The only fully sketched character is Willie, who wants to be taken seriously (and make good money). Jeremiah is mostly functional; apart from his business and large family (he has 13 children) and his wife (Pamela Reed), we don’t learn much about him beyond his reserved personality (a quiet verve Jones can play in his sleep and always very well). We don’t even see his kids. The same can be said about Willie’s wife, Gloria (Amanda Warren), and Jeremiah’s lawyers, Hal and Mike. A similar observation follows Mame Downes (Jurnee Smollett), a distinguished attorney Loewen hires when he realizes he needs Black attorneys to win in a Black county (we never really revisit the sketchiness of Hal reaching out to Willie, unbeknownst him, under the guise of the same tactic). Mame and Willie become friendly rivals—there’s awkward, charged dialogue between them that reads on the borderline of skeevy—leading to sharp tactics in the courtroom and sharp actorly decisions by Smollett as her character navigates representing a wretched white man.

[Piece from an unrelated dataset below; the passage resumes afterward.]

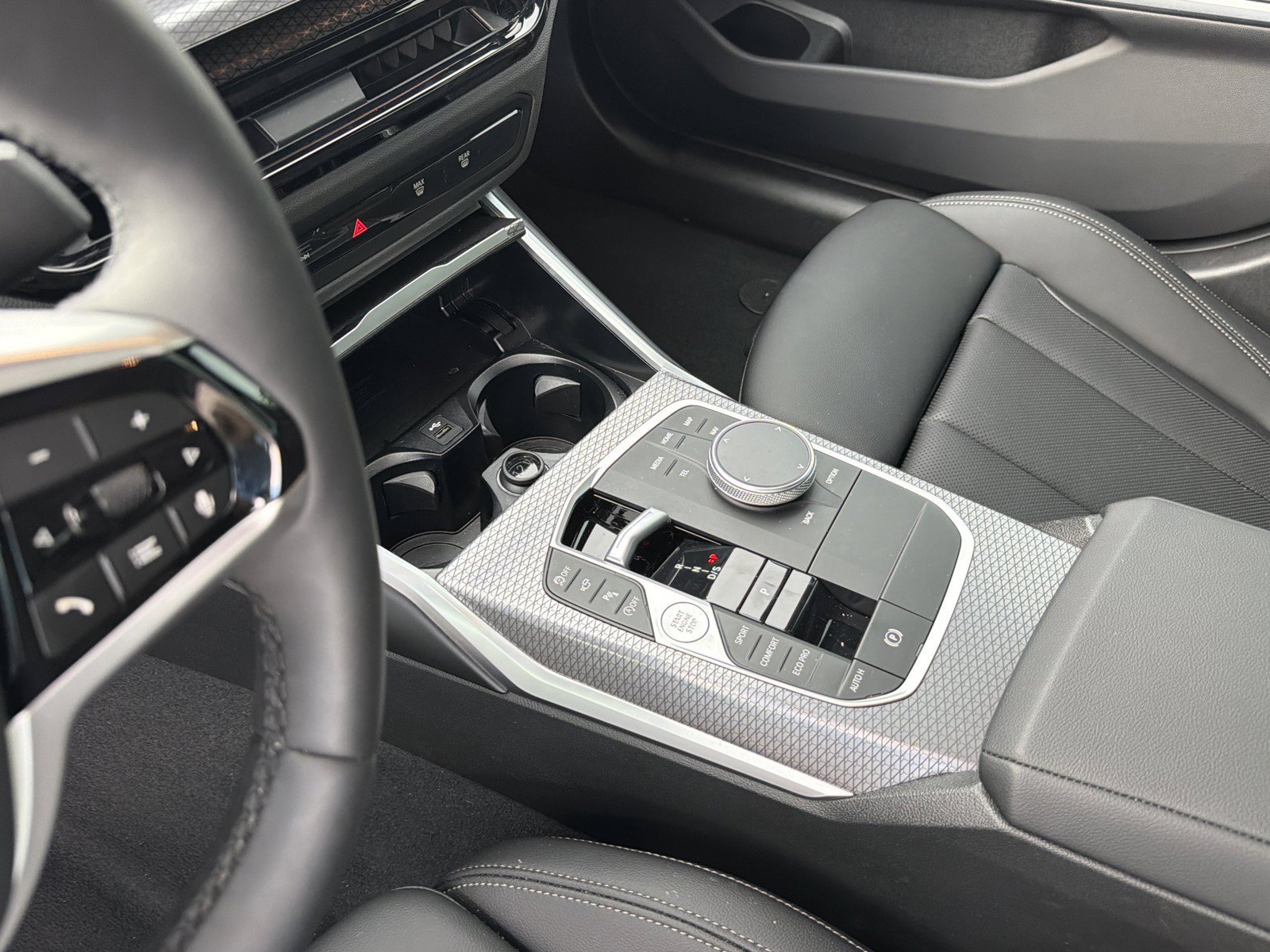 New 2025 BMW 330i Sedan w/ Convenience Package RWD image 19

“The Burial” is not really about ethnicity, but ethnicity is certainly all around it, and it takes place in the shadow of the O.J. Simpson trial (Willie often dreams of facing Johnnie Cochran). The terrible racial history of the South is prominently featured: a measured Mamoudou as Hal faces microaggressions, while the National Baptist Convention becomes the key to the case and adds more heart, frustration, and ache to the film.

“The Burial” also relishes in culturally specific Black humor. Willie is an inherently hilarious character: gaudy, in over his head, and self-effacing. Foxx plays all those components wonderfully without diminishing Willie to buffoonish levels. He also takes pleasure in Willie's rhythmic, melodiously signifying speech (the showdown between Foxx and Camp at the film’s climax is a tremendous instance of the actor’s play with layered meaning). Doug Wright and Betts’ comedically attuned screenplay and costume designer Mirren Gordon-Crozier’s rich costumes combine to craft further sight gags, from Willie and his wife appearing on “Lifestyles of the Rich and Famous” in velvet leisurewear to the lines of Willie’s extravagant suits.

Despite the overly familiar visual patterns of the courtroom scenes, Foxx takes the stage as a curtain-raiser,  through this prototypical man against a giant is a box office great. He adds tension, frivolity, and rigor, elevating "The Burial" from its common bones to a stirring, distinctive comedy to a favorite film to watch over and over again.